For cancer prevention, the AICR/WCRF and the American Cancer Society (ACS) recommend getting at least 150 minutes of moderate or 75 minutes of vigorous physical activity per week, along with muscle resistance and flexibility exercises. The ACS adds that any activity over and above usual activities of daily living is beneficial, so while moderate to vigorous exercise is certainly optimal, it is also important to encourage any increase in physical activity during the day such as walking, taking the stairs when possible, and avoiding prolonged periods of sitting.^46,47

Lack of physical activity is a major public health problem with only a minority of Americans meeting the recommended exercise guidelines. In a study of over 300 000 Americans, fewer than 25% met published exercise recommendations; increased age and comorbidities were associated with poor compliance.⁴⁸ Counseling about the importance of physical activity, writing exercise prescriptions, and referral to physical therapy or medically supervised exercise programs when appropriate could have a significant impact on cancer prevention and overall health.
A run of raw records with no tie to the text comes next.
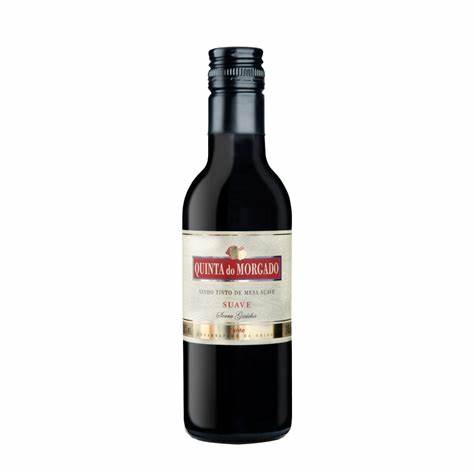 Vino Suave Quinta Do Morgado 245 ml.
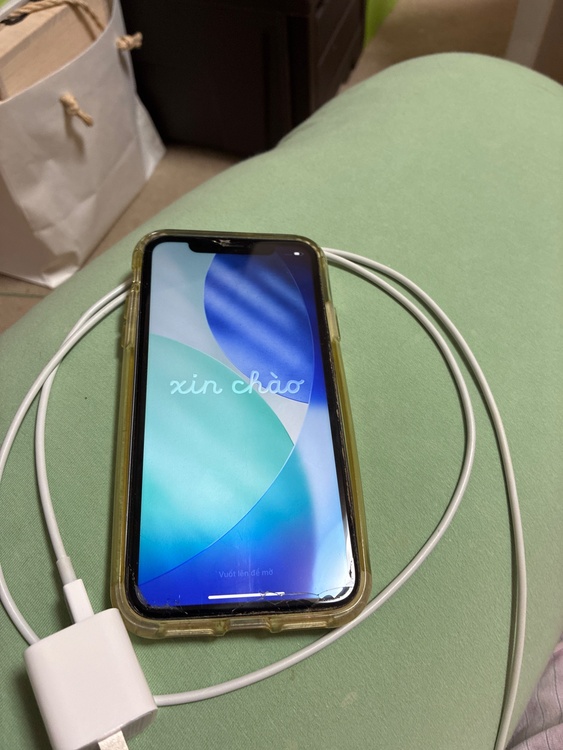 iphone11 64GB（スマホ）の商品画像 - 査定依頼日：2026年9月13日 - 最高査定価格：17,000円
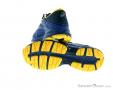 Asics Gel Cumulus 19 Mens Trail Running Shoes Gore-Tex, Asics, Bleu, , Hommes, 0103-10162, 5637566095, 0, N2-12.jpg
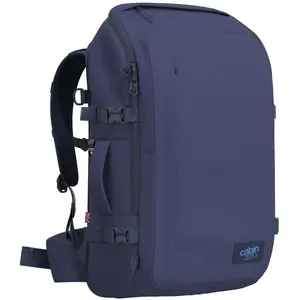 CabinZero Adv 42L Galaxy Blue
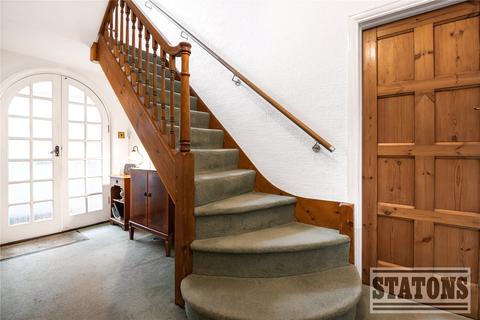 4 bedroom detached house for sale, Park Road, New Barnet, Barnet, EN4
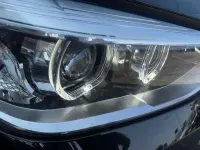 Usata BMW X3 190 CV (139 kW) 2018 Nero SUV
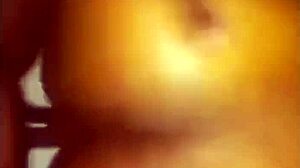 My black secretary does the best doggystyle ever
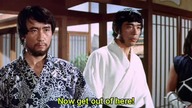 When Taekwondo Strikes - Kiedy Taekwondo Uderza 1973 Napisy Eng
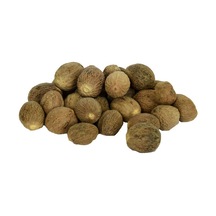 Hint Cevizi Muskat Küçük Hindistan Cevizi Doğal 1000 Gr Paket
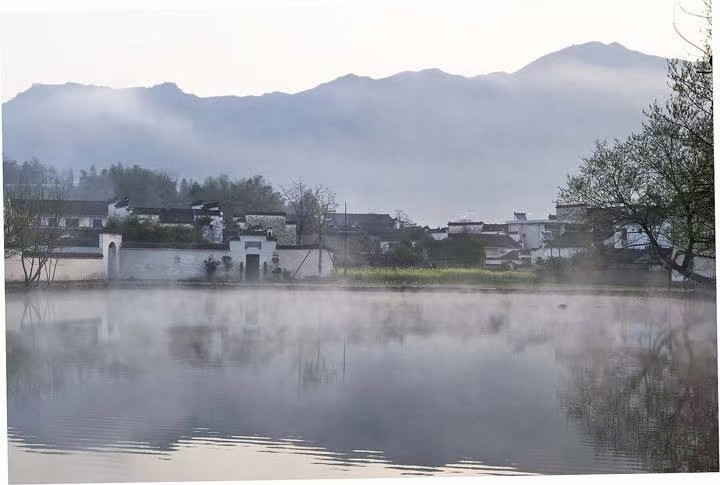 【九江文学社:北京头条】【群英荟萃】诗词合集《群刊》(图4)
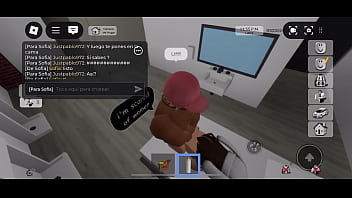 Sexo en brookhaven rico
Tertiary Breast Cancer Prevention

While the evidence for the impact of modifiable lifestyle factors on breast cancer risk is strong, the impact on survival after diagnosis is less clear. From 1989 until 2017, the breast cancer death rate has declined by 40%, and by 2019, the American Cancer Society estimated that there are over 3.8 million breast cancer survivors living in the United States.⁶ Many breast cancer survivors are living for decades beyond their diagnosis, and these individuals have unique medical and psychosocial needs that need to be addressed in the survivorship phase of care. Important issues in breast cancer survivorship care include management of short and long-term side effects from cancer treatment, monitoring for risk of cancer recurrence, screening for new primary breast cancers, and proactive assessment of diet, exercise, and other lifestyle factors.
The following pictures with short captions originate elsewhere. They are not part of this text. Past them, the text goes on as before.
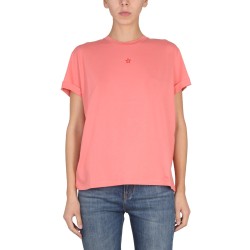 CREWNECK T-SHIRT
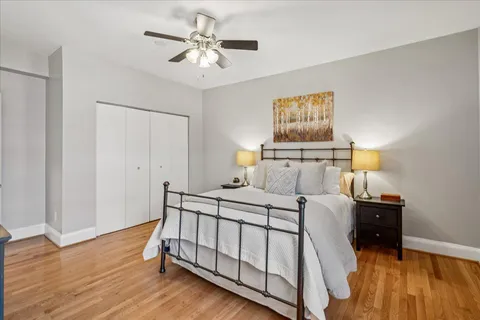 $317,000 | 3010 Wisconsin Avenue Northwest, Unit 209, Washington, DC 20016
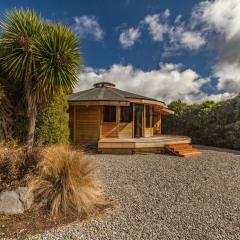 Rata - Ohakune Holiday Home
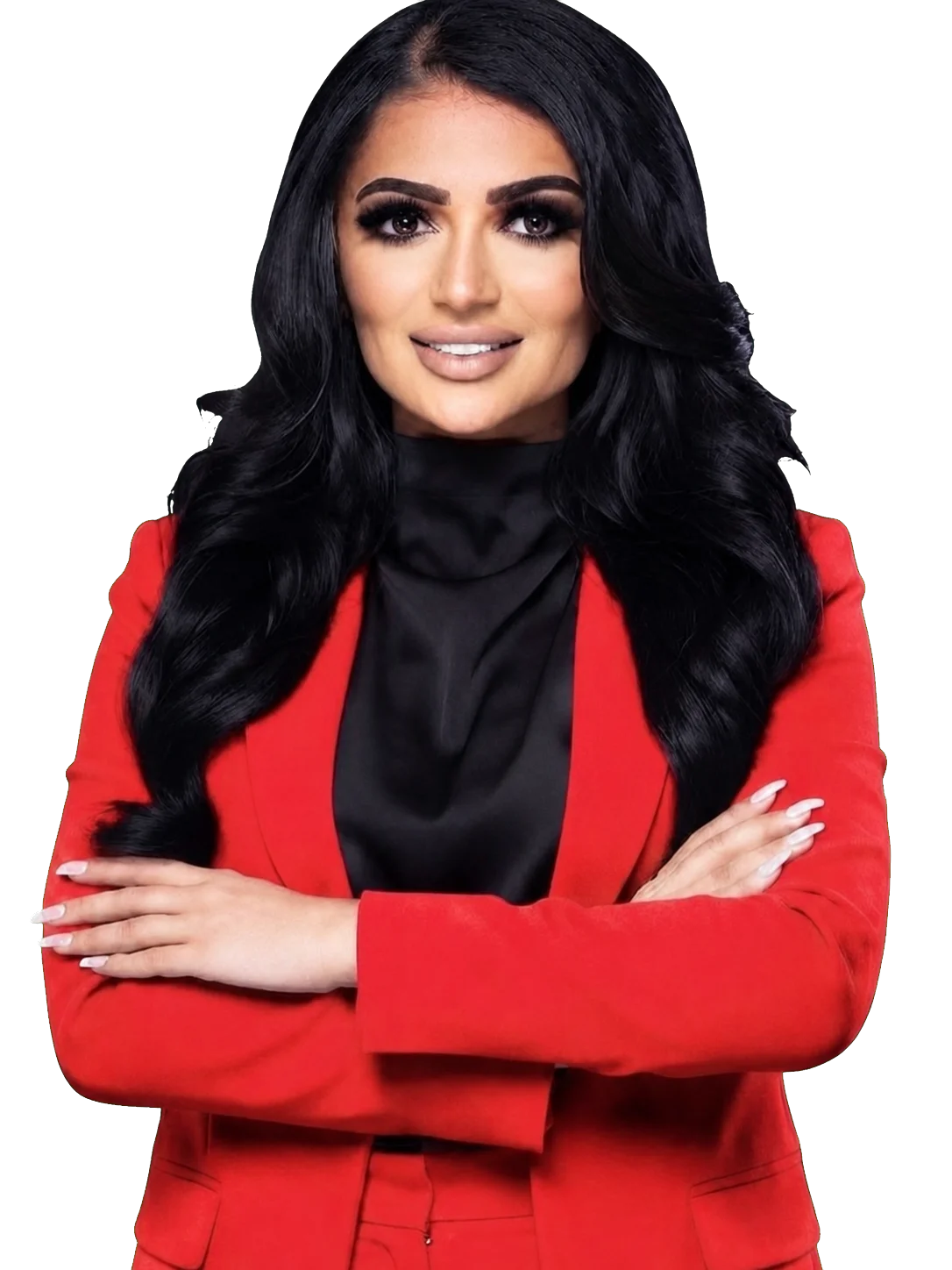Waldina Galeano, CEO and Broker, The Agency Team Houston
There is growing evidence that lifestyle factors play an important role in determining rates of recurrence and prognosis among breast cancer survivors. Studies have shown that poor diet, obesity, and inactivity are linked to a higher risk of cancer recurrence and mortality from breast cancer.^49-51 In 2018, the American Society of Clinical Oncology (ASCO) launched a survey to assess oncologists’ understanding and practice behaviors related to counseling cancer patients on the role of diet, physical activity, and weight management.⁵² The study found that the majority of survey respondents agreed that there is strong evidence that overweight/obesity affect cancer outcomes. The majority of survey respondents agreed that the treating physician should make recommendations to cancer survivors regarding nutrition, weight management, and exercise. However, 83% of respondents also felt that additional training was needed to address these issues adequately in cancer patients. Based on results of this ASCO survey, organizations such as the ACLM have an opportunity to contribute in a meaningful way to the care of cancer survivors. By using evidence-based tools to transform health and treat disease, clinicians with expertise in lifestyle medicine have the opportunity to educate and empower cancer survivors to make sustainable lifestyle changes to improve their physical and mental wellbeing after a cancer diagnosis, and also have an impact on disease recurrence and overall mortality from cancer.

The role of diet, weight management, and physical activity in the care of breast cancer survivors will be addressed below. Also note that the previously reviewed guidelines from the WCRF/AICR also apply to breast cancer survivors.³

Tertiary Breast Cancer Prevention: Nutrition

A healthy, plant-based diet is a one of the key aspects of lifestyle medicine. In the breast cancer literature, there have been a number of studies investigating whether the intake of specific dietary nutrients, or specific dietary patterns, have an impact on disease outcome. Although heterogeneity in design and outcome is certainly apparent and further work is needed in this area, encouraging outcomes are emerging. Below we have reviewed data from some of the meta-analyses on this topic, as well as data from three large randomized studies.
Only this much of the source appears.